Evaluation of Virtual Touch Tissue Imaging Quantification, a New Shear Wave Velocity Imaging Method, for Breast Lesion Assessment by Ultrasound

Michael Golatta 1,*, Mirjam Schweitzer-Martin 1, Aba Harcos 1, Sarah Schott 1, Christina Gomez 1, Anne Stieber 1, Geraldine Rauch 2, Christoph Domschke 1, Joachim Rom 1, Florian Schütz 1, Christof Sohn 1, Jörg Heil 1
PMCID: PMC3988855  PMID: 24800257

Abstract

Objectives. To evaluate virtual touch tissue imaging quantification (VTIQ) as a new elastography method concerning its intra- and interexaminer reliability and its ability to differentiate benign from malignant breast lesions in comparison to and in combination with ultrasound (US) B-mode breast imaging reporting and data system (BI-RADS) assessment. Materials and Methods. US and VTIQ were performed by two examiners in 103 women with 104 lesions. Intra- and interexaminer reliability of VTIQ was assessed. The area under the receiver operating curve (AUC), sensitivity, specificity, positive predictive value (PPV), and negative predictive value (NPV) of BIRADS, VTIQ, and combined data were compared. Results. Fifty-four of 104 lesions were malignant. Intraexaminer reliability was consistent, and interexaminer agreement showed a strong positive correlation (r = 0.93). The mean VTIQ values in malignant lesions were significantly higher than those in benign (7.73 m/s ± 1.02 versus 4.46 m/s ± 1.87; P < 0.0001). The combination of US-BIRADS with the optimal cut-off for clinical decision making of 5.18 m/s yielded a sensitivity of 98%, specificity of 82%, PPV of 86%, and NPV of 98%. The combination of BIRADS and VTIQ led to improved test validity. Conclusion. VTIQ is highly reliable and reproducible. There is a significant difference regarding the mean maximum velocity of benign and malignant lesions. Adding VTIQ to BIRADS assessment improves the specificity.

1. Introduction

Breast ultrasound (US) is used to differentiate between benign and malignant lesions. The B-mode technique is commonly applied to evaluate morphologic features as, for example, shape and margin of a lesion [14]. Unfortunately B-mode US suffers from varying specificity [57].
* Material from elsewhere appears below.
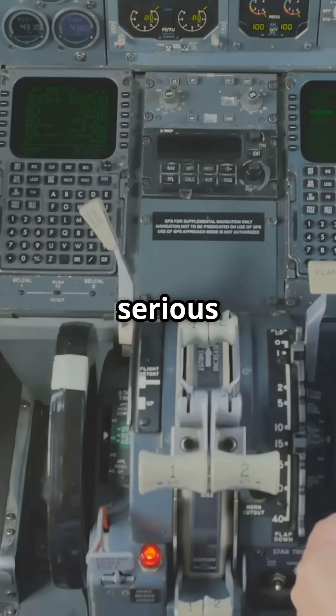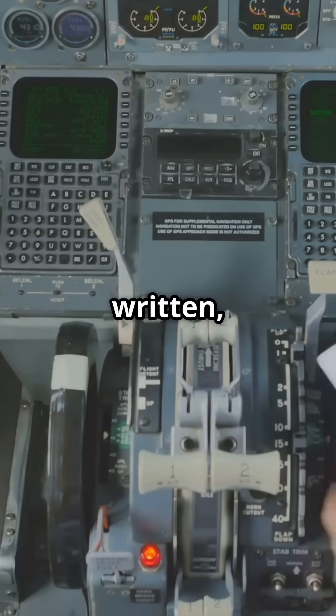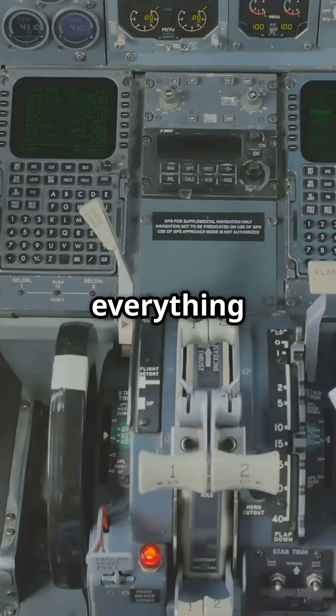By the way, if you're serious about passing your FAA written, I made flashcards that break everything down. Grab the ones I wish I had.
A newer development is elastography, which can measure the stiffness of tissue [8, 9]. Within the last few years various studies have evaluated different methods of elastography showing that elastography has the same diagnostic performance as B-mode US and in combination with B-mode US it can help improve the differentiation of benign and malignant lesions [1012]. Since malignant lesions often alter tissue stiffness the basic hypothesis of all elastography techniques is that malignant tissue is stiffer than benign tissue. This can help to differentiate them [1316].
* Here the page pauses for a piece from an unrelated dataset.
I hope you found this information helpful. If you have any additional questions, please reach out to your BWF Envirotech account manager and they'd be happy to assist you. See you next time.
First studies on strain elastography showed several disadvantages; most meaningful is the interexaminer variability concerning the acquisition and interpretation and the qualitative strain information [17, 18]. In spite of these limitations of the method the diagnostic accuracy of elastography was at least as good as that of standard B-mode US breast imaging reporting and data system (BI-RADS) assessment, which provides standardized terminology to describe US mass features, assessments, and recommendations [1922]. In order to improve the diagnostic quality in terms of sensitivity, specificity, and predictive value examiner independency and reproducibility have to be addressed. One possibility to improve the diagnostic accuracy of elastography would be a highly reproducible quantitative method which could be compared objectively. The virtual touch tissue imaging quantification (VTIQ) method has the potential to technically overcome the limitations of former approaches of strain elastography because it is meant to be less examiner dependent and reproducible and results in an absolute measurement of tissue stiffness in the region of interest.

The aim of this study is to prospectively evaluate this new method of virtual touch tissue imaging quantification (VTIQ) concerning its intra- and interexaminer reliability. In addition its ability of differentiating benign from malignant lesions on the basis of the lesion's stiffness will be evaluated and compared to conventional B-mode US BI-RADS assessment and the combination of both methods.

2. Material and Methods

2.1. Virtual Touch Tissue Imaging Quantification (VTIQ)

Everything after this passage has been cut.